RECORDS SHOWN
***

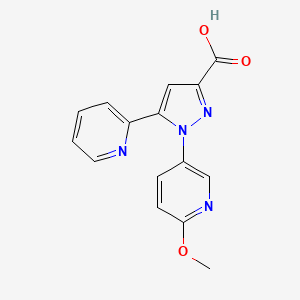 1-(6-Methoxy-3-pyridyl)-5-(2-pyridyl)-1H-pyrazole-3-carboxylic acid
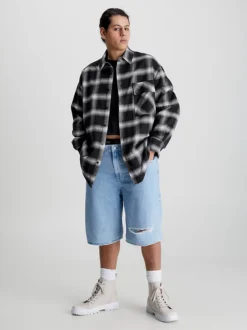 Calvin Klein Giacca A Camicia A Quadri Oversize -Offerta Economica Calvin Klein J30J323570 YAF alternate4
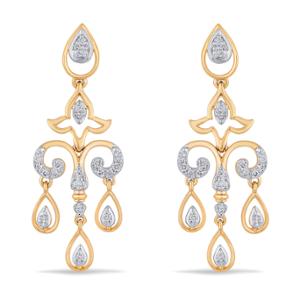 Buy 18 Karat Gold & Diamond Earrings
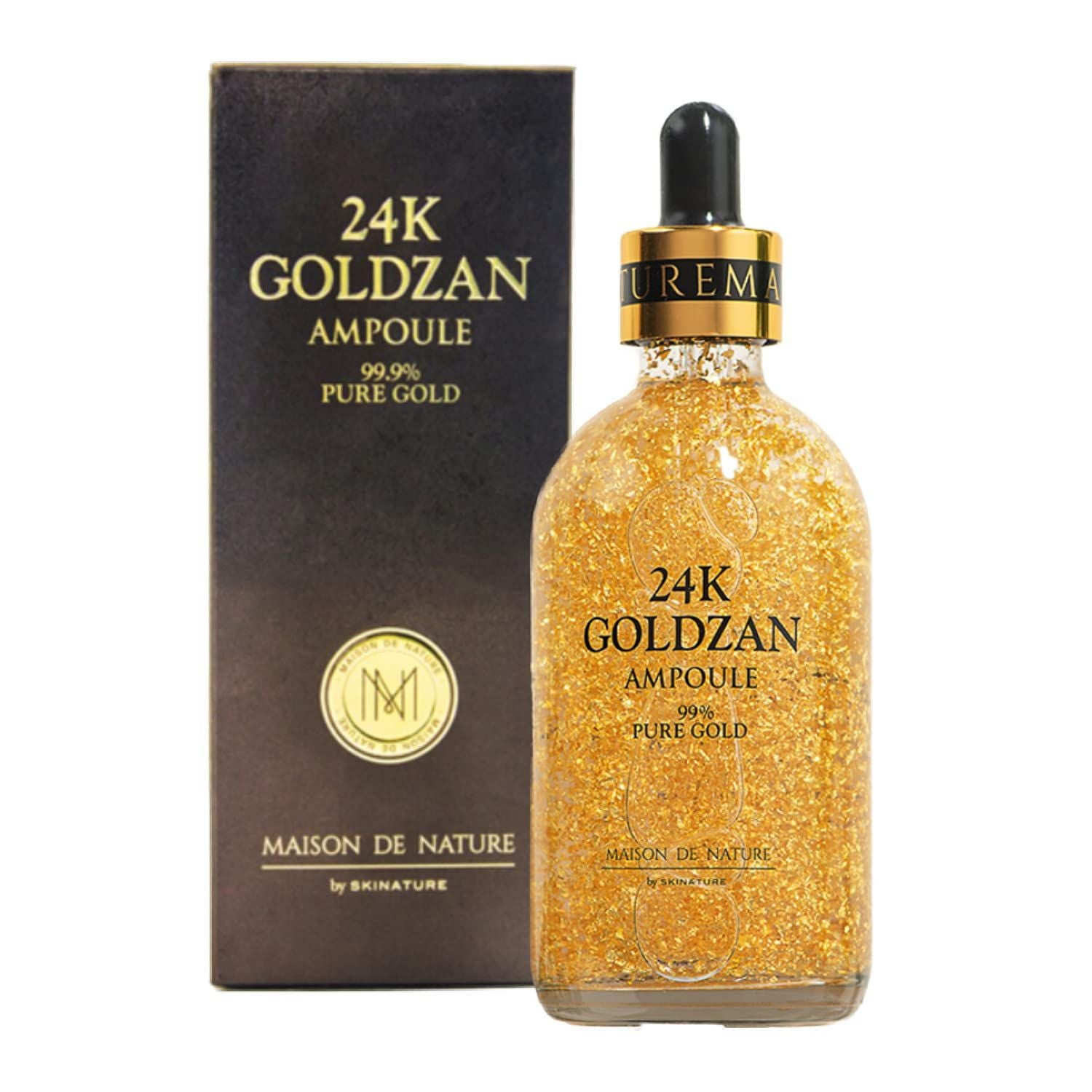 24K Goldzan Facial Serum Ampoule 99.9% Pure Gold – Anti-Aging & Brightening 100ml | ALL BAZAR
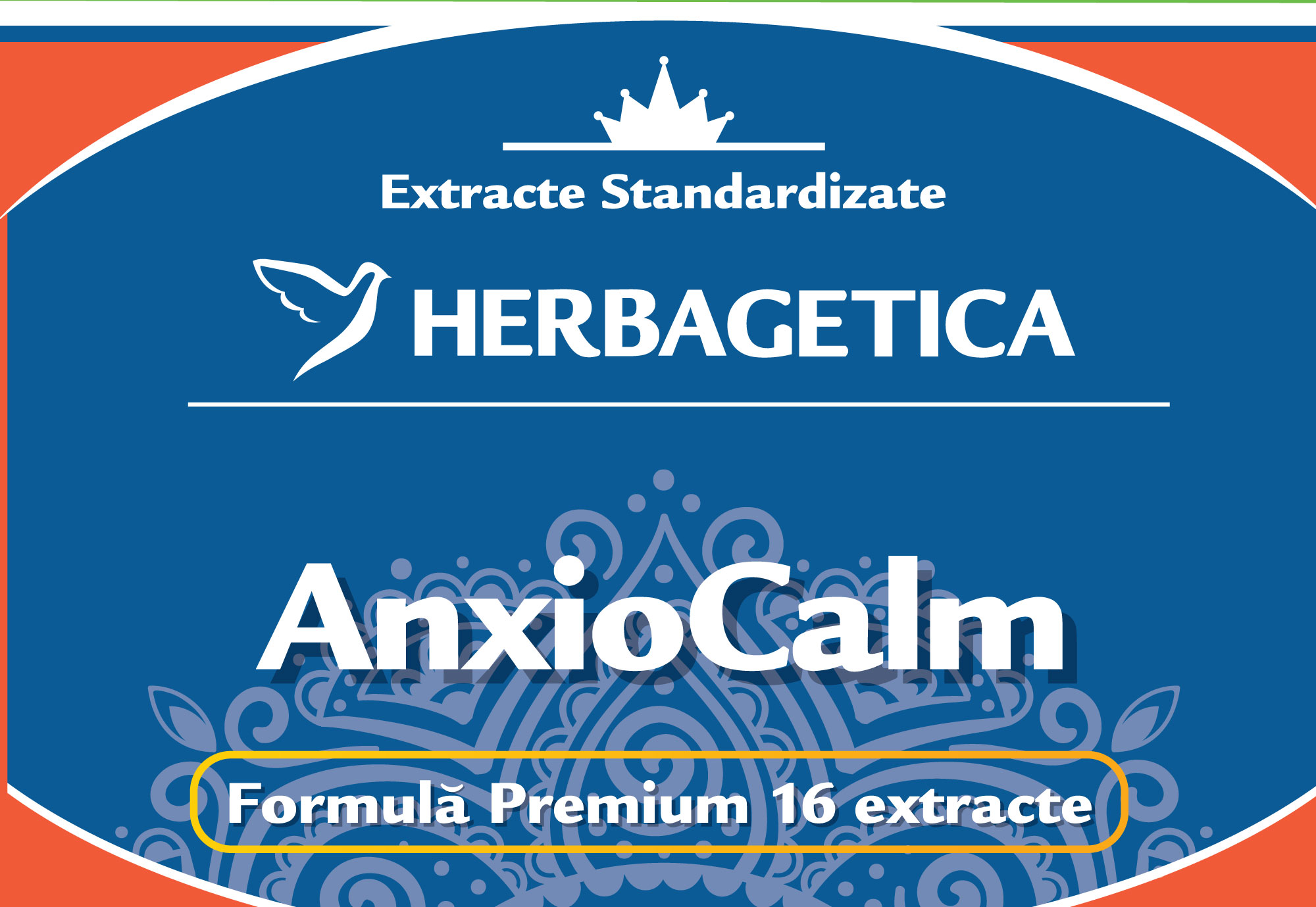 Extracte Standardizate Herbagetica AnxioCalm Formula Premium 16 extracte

***

WHAT IS EXPECTED
Although the records contain pictures, the copy should hold only their text, reproduced exactly.

REPLY TO THE EXERCISE
 1-(6-Methoxy-3-pyridyl)-5-(2-pyridyl)-1H-pyrazole-3-carboxylic acid
 Calvin Klein Giacca A Camicia A Quadri Oversize -Offerta Economica Calvin Klein J30J323570 YAF alternate4
 Buy 18 Karat Gold & Diamond Earrings
 24K Goldzan Facial Serum Ampoule 99.9% Pure Gold – Anti-Aging & Brightening 100ml | ALL BAZAR
 Extracte Standardizate Herbagetica AnxioCalm Formula Premium 16 extracte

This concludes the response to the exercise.